Comment by argulane
It's mostly about performance. If you can store all the required info about the user inside the cookie then you can avoid a DB query roundtrip before sending a response.
Now that your cookie looks like this (probably also base64 encoded):
{"id": 42, "display_name": "John", "is_admin": false, "session_end_at":1726819411}
You don't have to hit the DB to display "Hi John" to the user and hide the jucy "Admin" panel. Without HMAC, an attacker could flip the "is_admin" boolean in the cookie.You could also create a cookie that is just random bytes
F2x8V0hExbWNMhYMCUqtMrdpSNQb9dwiSiUBId6T3jg
and then store it in a DB table with similar info but now you would have to query that table for each request. For small sites it doesn't matter much and if it becomes a problem you can quite easily move that info into a faster key-value store like Redis. And when Redis also becomes too slow you are forced to move to JSON Web Tokens (JWT) witch is just a more standardized base64 encoded json wrapped with HMAC to avoid querying a database for each request.But even if you are using random bytes as your session identifier, you should still wrap it in a HMAC so that you can drop invalid sessions early. Just for making it harder for someone to DDOS your DB.

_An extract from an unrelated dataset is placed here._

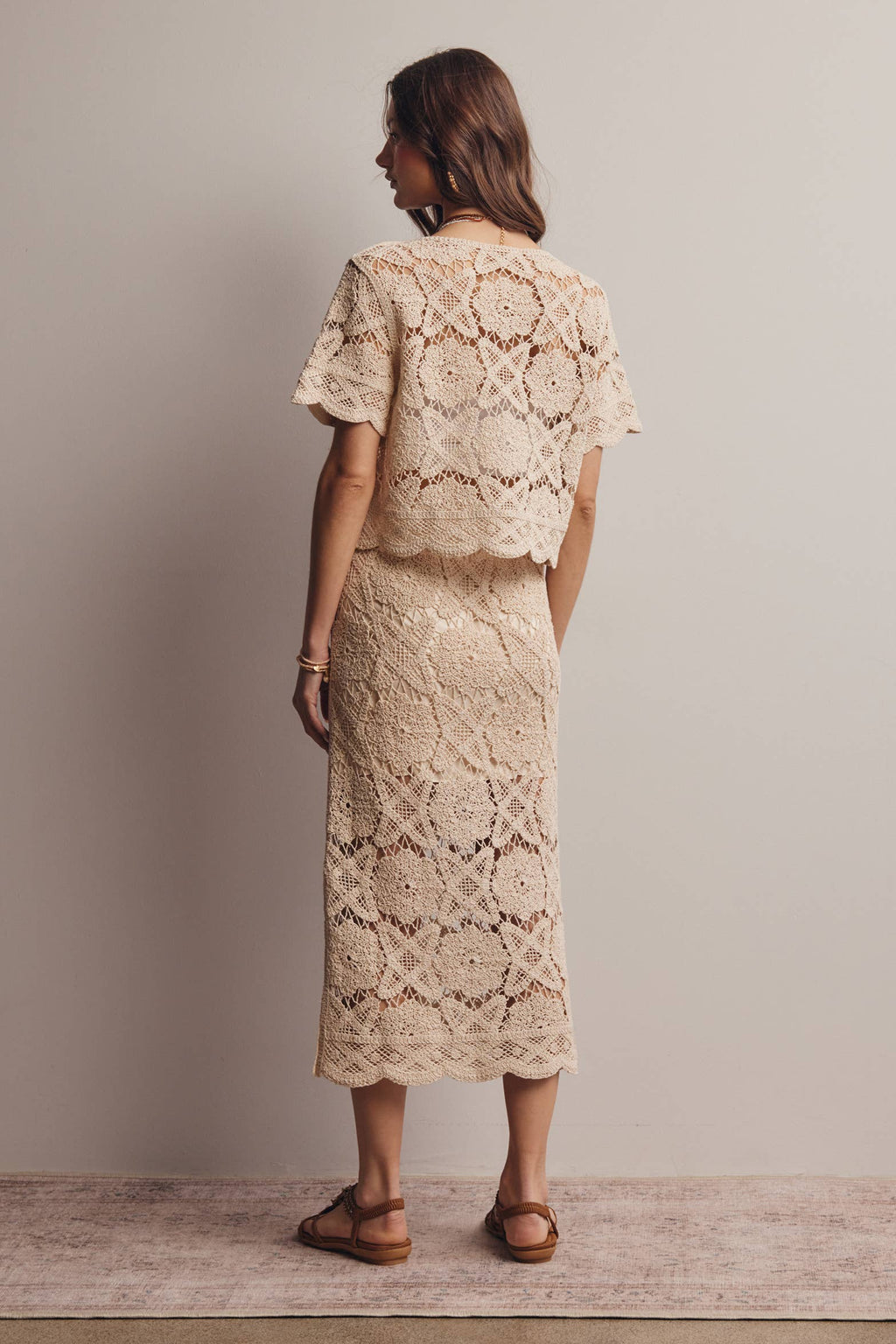 Crochet Lace Midi Skirt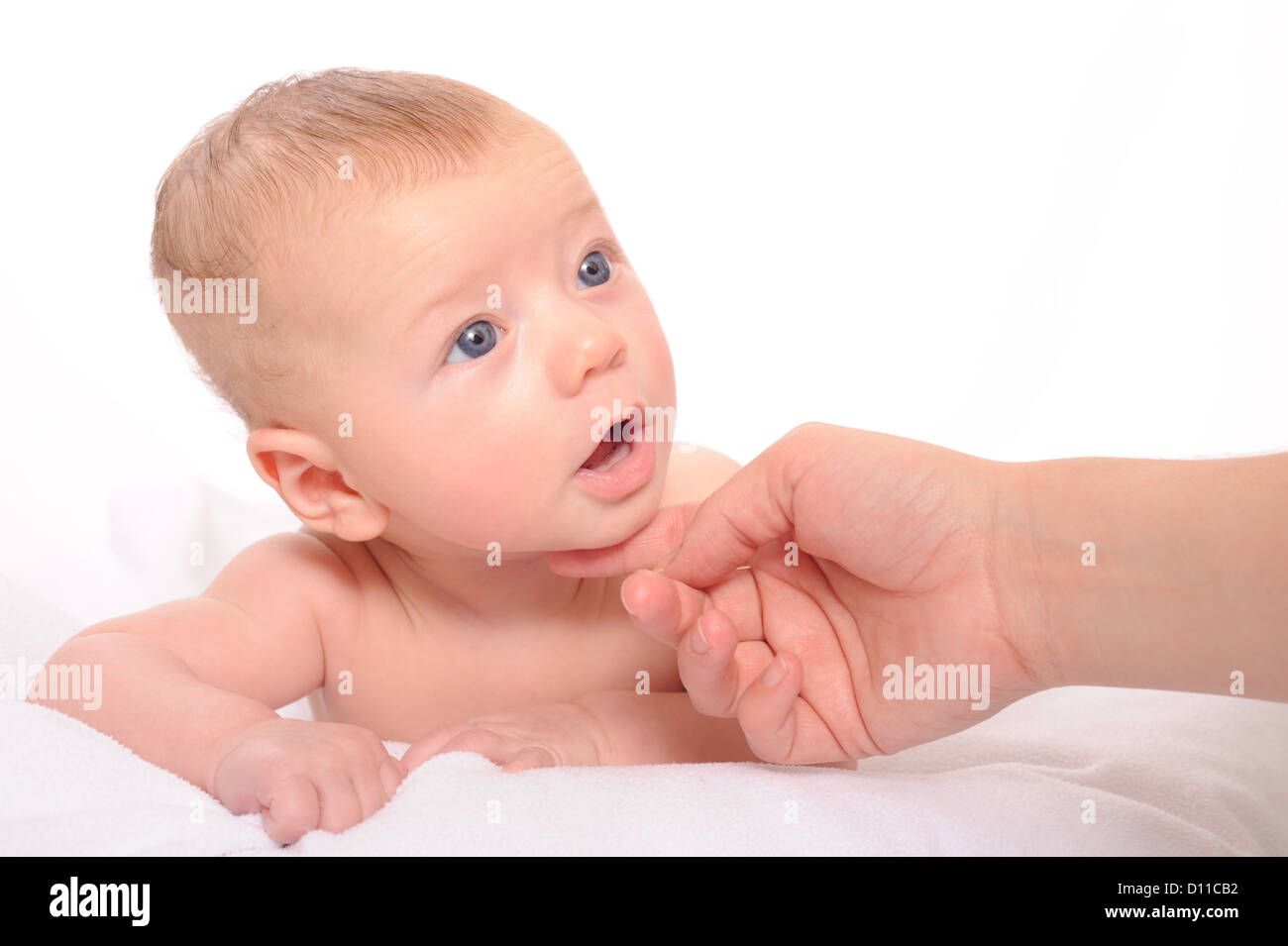 Bebé tenga cosquillas barbilla Foto de stock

Back in the Justin.tv days, we used this for some messages that were passed by the client between two of our systems: The main authentication was done by the web stack which gave the client an HMAC-signed viewing authorization. That was then passed on to the video servers which knew how to check the authorization but weren’t hooked up to the main DB.
Setting things up this way meant that we didn’t need to muck about with the video server code whenever we made policy changes as well as isolating the video system from web stack failures— If the web servers or DB went down, no new viewers could start up a stream but anyone already watching could continue uninterrupted.